Triana’s mother struggled to pay the college bills. So when Triana learned that Miss Oklahoma State got $1,200, she entered the 2016 pageant … the day before the event.
She had a little experience in that world. As a high school sophomore, she entered a local pageant on a lark (she’d just seen the movie “Yes Man,” about a guy who agrees to do anything) and was the youngest finisher in the top 10. Organizers encouraged her to compete for a teen state crown.
“It was an ‘enjoy the week’ type of thing,” she said. “As an athlete walking into the world of high heels, makeup and hair, it was a wild experience.”
When she entered the Miss OSU competition, she was so unprepared that she had to borrow two dresses from a foe (her eventual runner-up, as it turns out). A shoe she’d left in her car during a track practice melted, but she didn’t discover that until she was backstage at the pageant.
“The straps that keep the foot in the heel were gone,” she said. “I had to use double-sided tape and push hard with my pinkie toe. I came away with a terrible cramp in my foot.”

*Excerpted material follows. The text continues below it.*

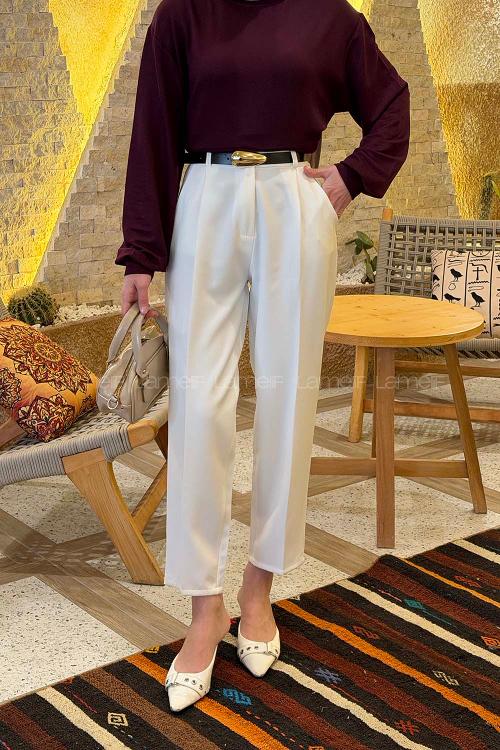 Lamelif Kemer Detaylı Havuç Pantolon Beyaz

That victory led to a spot in the 2016 Miss Oklahoma pageant. It proved to be a good experience because when she returned this year, as Miss Oklahoma City, she won – despite another shoe malfunction.
“During the opening number on our final night, I did a turn and the snap on my heel broke,” she said. “By the grace of God, my shoe stayed on for the rest of the dance. I was thinking, `Just don’t fall on your face!’”
Calmness under pressure is one of Triana’s strengths. She developed that out of necessity.
If she doesn’t control her stress level, she gets heart palpitations that leave her feeling as if someone is sticking a needle in her chest. Doctors continue monitoring her heart. (Through a stethoscope, she’s heard a clicking noise. On monitors, she’s seen blood swishing forward and backward through her heart, one motion too many.)
Because the ribbon of a track-meet finish line always was her goal, not the sash of a beauty queen, Triana occasionally looks in a mirror and wonders, “Where did this person come from?”
“But I’m a competitor,” she said. “That’s part of the mentality and quality they’re looking for – somebody who is a natural-born leader and isn’t doing this to be somebody, but to do something.”
Triana’s always been that way.
As a child, she headed a multicultural leadership group, fed the homeless and coached and tutored youngsters. She was voted “most Christ-like” at school. And now she’s brought her spirit, story and crown to my organization, the American Heart Association.
She took part in our 2016 Tulsa Heart Walk and led the warm-up during the opening ceremony of the 2017 event. She also spoke at a 2017 Go Red For Women Leadership Breakfast.
“I want to be for someone else what I didn’t have: a sense of hope,” she said. “That’s why I want to be Miss America. I want to reach more people. Everything I’ve been through has been for a reason, and that’s so others will feel they’re not alone.”